Je ne me suis pas borné cette fois à répliquer que cette qualité ne serait pas comprise, j'ai ajouté qu'elle était inadmissible à tous les points de vue; que le Roi était le chef de la famille parce qu'il était le souverain, et qu'il devenait dès lors impossible de séparer, dans le cas actuel, ces deux qualités, et que le prince de Hohenzollern lui devait une obéissance absolue, uniquement parce que S. M. réunissait l'une et l'autre en sa personne; qu'on ne pouvait pas considérer les choses autrement, et qu'il était par conséquent facile de comprendre pourquoi l'avénement du prince Léopold était considéré en France comme la Restauration de l'empire de Charles-Quint.

Le Roi a contesté cette appréciation, prétendant que l'élection du prince Léopold ne créerait aucun lien national entre l'Espagne et la Prusse.

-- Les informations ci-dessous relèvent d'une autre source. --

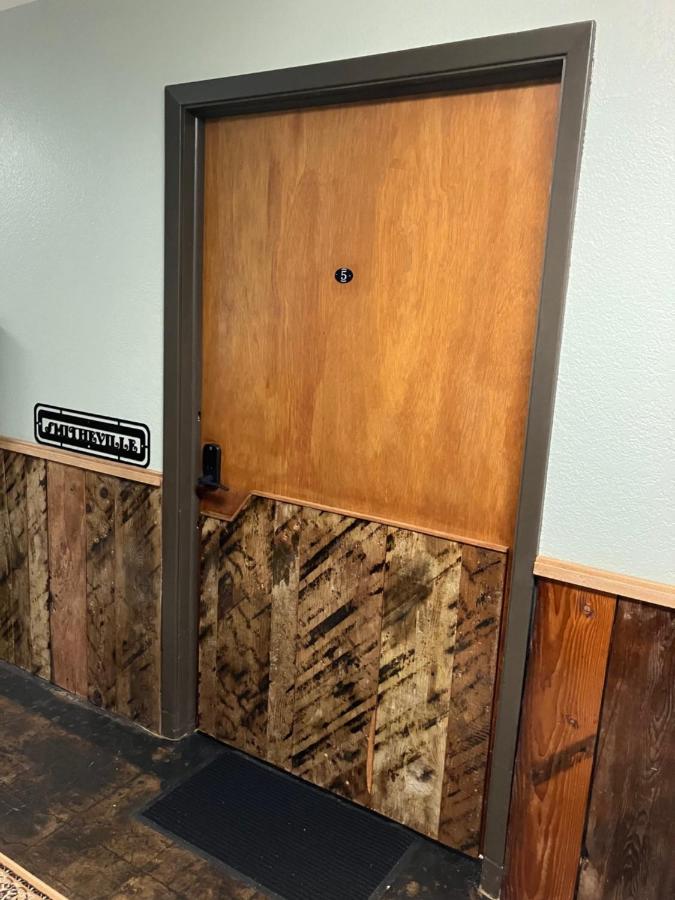 R & R LODGE — photo 16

Après avoir demandé à S. M. de souffrir que je m'expliquasse en toute franchise et sans aucune réserve, je lui ai répondu que les relations dynastiques qui s'établiraient d'un pays à l'autre suffisaient pour nous imposer le devoir de conjurer une pareille éventualité.

<«< Est-il constant, ai-je continué, qu'en cas d'un dissentiment entre le gouvernement de Votre Majesté et celui de l'Empereur, nous devrions observer notre frontière des Pyrénées et par conséquent diviser nos forces Personne ne le nierait. Notre conduite nous est donc tracée par les exigences de notre propre sécurité, et nous ne saurions, en cette occasion, être exposés au reproche de soulever volontairement un conflit. >>

Selon le Roi, j'exagérais la portée d'une combinaison que, pour sa part, il n'avait jamais désirée. Il lui était d'ailleurs impossible, et les termes dans lesquels il s'est exprimé m'ont porté à croire qu'il considère comme incompatible avec sa dignité souveraine de modifier son attitude et d'exiger du prince Léopold qu'il renonce à la couronne d'Espagne, après lui avoir déclaré qu'il ne lui interdisait pas de l'accepter.